トギがその顔の前、この方を諭すよう叱るよう顔を顰め、頻りに指を動かす。
「蓬と鳥兜の若葉は似てるって。でも葉の切れ目の数が違うから必ず覚えておくようにって」
テマンはこの方ではなく俺に向け、トギの動かす指の声を伝える。
「食べたら死ぬし、間違えて処方したら患者が死ぬから、医官なら絶対覚えろって」
そして屈み込んだトギはあの方の腕を握って立ち上がらせると、次はテマンへ指を動かす。
「大護軍」
「何だ」
「こっちの筍は、これだけなんですけど」
テマンの指す先にも、十本ほどの筍の山がある。
「トギが、もうそろそろ良いんじゃないかって。医仙も鳥兜に触ったから、みんな手を洗って飯の支度にしようって」
矯めつ眇めつこの方の指先を確かめていたトギも目を上げて、俺の表情を伺った。
「そうしよう」
頷いて答えればあの方を急かすように手を引いて、トギは竹林を進む。
恐らく沢か湧水でもあるのだろう。俺は男らを促し、女人二人の後を追う。
竹林の端まで出れば、雪解け水で切れる程冷たい沢の流れがある。
それぞれ筍掘りで付いた土を洗い流し、思い思いに咽喉を潤し顔を漱ぎ、息を吐いた処であの方が言った。

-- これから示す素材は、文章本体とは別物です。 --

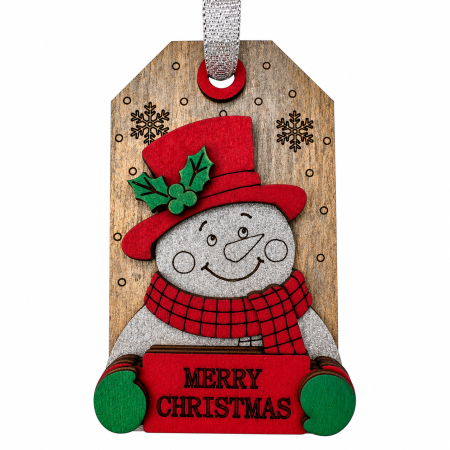 Decoratiuni Craciun - Decoratiune cu nume personalizata din lemn cu Om de Zapada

「こんなにきれいな水があるなら、料理に使いたかったな」
そして確かめるようにトギを振り向くと
「ここのお水、飲んでも大丈夫なのよね?」
その声にトギは太鼓判を押すように頷いた。 この方は残念そうに
「どうせなら、空の桶でも持って来るんだった。そうしたら運んで行けたのに」
落胆したような声に片頬で笑むと沢の畔で立ち上がる。
どうもこの方は、竹の使い方を御存知ないらしい。
手近の竹のなるべく太いものを選び、先刻までのように切れ目を入れて蹴り倒す。
しかし手にした小刀は切り目を入れることは出来ても、節で断つのは難しい。
その時背後から音もなく寄って来たヒドが、手甲を嵌めず剥き出しのままだった手を一閃させる。
長かった竹は、五つ程の筒になって地面に転がった。
素直じゃないんだ。手伝ってやると言えば良いのに。
短くなった筒を拾い上げ、小刀の刃先で適当な穴を開け、沢まで運んで流れへ沈める。
その穴から水が入った処で重みを増した竹を引き上げ、男どもに其々手渡す。
「戻るぞ」
奴らは水の入った竹筒を手に頷いて、広場までの道を戻り始めた。